Belgium will provide a stern test for Tite’s men. Friday’s clash in Kazan is the pick of the quarter-final ties , a meeting of two genuinely excellent, complete teams. The winners will have a huge chance of going all the way.
Big decisions await the Brazil coach. Casemiro is suspended, and will likely be replaced by Fernandinho in midfield, while Marcelo will be looking to return in place of Filipe Luis at left back. Fagner, given a chasing against Mexico, could find himself under pressure from Danilo in the other full-back position.
Perhaps the biggest call, though, surrounds the No. 9 position. Does Firmino get the nod, or will Gabriel Jesus retain the shirt?
Jesus has started all four of Brazil’s games so far, while Firmino has emerged from the bench in three of them. The Liverpool man has played just 38 minutes in total, and is set to start on the bench again as Jesus is set to retain his place in the starting line-up.
He’s made an impact in those cameo appearances, though. He could easily, with two late chances, have snatched a win against Switzerland in the Group E opener, while it was his climb (and Jesus’ touch) which led to Philippe Coutinho’s goal to unlock the stalemate with Costa Rica. And on Monday in Samara, he was there to put the seal on a hard-fought win against a lively-but-limited Mexican side. With Jesus yet to find the net this summer, Firmino could not have done much more.
He arrived into the tournament on the back of the best season of his club career. With 27 goals in all competitions, he has become the centre-piece of Jurgen Klopp’s Liverpool side, the all-action centre-forward whose movement, vision and link-play allows the likes of Mo Salah and Sadio Mane to run riot. Klopp, privately, is amazed Brazil have not built their team around Firmino like he has.
That is not to denigrate Jesus, who at 21 is already established as one of the world’s most promising talents. And with seven goals in 10 qualifying games, he played a huge part in securing Brazil’s place in Russia too. He's an excellent centre-forward.
Tite, clearly, is a huge fan. He even handed Jesus the captaincy for the pre-tournament friendly with Croatia at Anfield – though it was perhaps instructive that the Manchester City man was quiet that day, with Firmino later emerging from the bench to score in front of the Kop with a neat lobbed finish.
The suggestion in Brazil is that Firmino’s tendency to drift across the pitch, and in particular towards the left flank, in part explains why his has been a bit-part role so far. The left, of course, is where the Selecao’s star man resides. And if Tite is to lead them to a sixth world crown, then getting the best out of Neymar is likely to be key.
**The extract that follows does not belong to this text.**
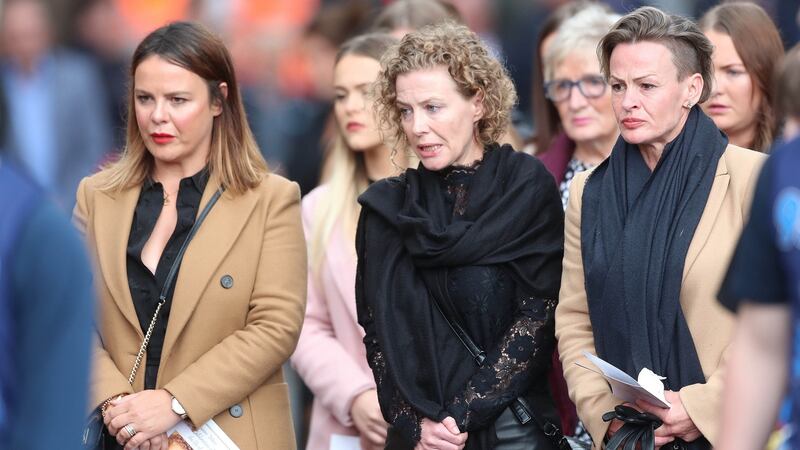 Fiona Donohoe follows her son Noah’s coffin  with her sisters Niamh (left) and Shona. Photograph: Stephen Davison/Pacemaker Press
But could Firmino help do that? There is little reason to think otherwise. At Liverpool he plays the role of facilitator, his selflessness enabling others to shine around him. Salah scored 44 times last term, Mane 20. Philippe Coutinho, Brazil’s best player at this tournament, managed 12 before his January move to Barcelona.
Ask any of those three, or Jordan Henderson or James Milner, Virgil van Dijk or Dejan Lovren, who Liverpool’s best trainer is and they’ll say it’s Firmino. As Klopp says; if he gave his players the freedom to pick their own teams at Melwood, then the former Hoffenheim man would be first pick. “He never rests,” smiled the Reds boss. "What a work ethic, what an attitude."
There are few centre-forwards like him in world football; so elusive, so good at pressing from the front, so smart with their positional play and so in tune with what their manager wants, tactically speaking. His productivity, questioned during his first two seasons on Merseyside, has rocketed in the past 12 months. He creates and he scores.
Certainly his movement could bring space for Neymar and Co. to exploit – though in fairness Jesus is also a very astute player in that regard – while his relationship with Coutinho is a strong one, on and off the pitch. Firmino’s hold-up play, though not always perfect, is superior to that of Jesus, who has years to smooth the rough edges in his game. The City man tends to prefer the penalty area, though working under Pep Guardiola will undoubtedly help him become a more complete player. A player, dare we say, like Firmino?
“Choices will end up happening,” Tite said after Brazil’s win over Serbia. Prophetic words. Ten days on, the time has arrived. And the case for Firmino over Jesus is getting stronger by the day.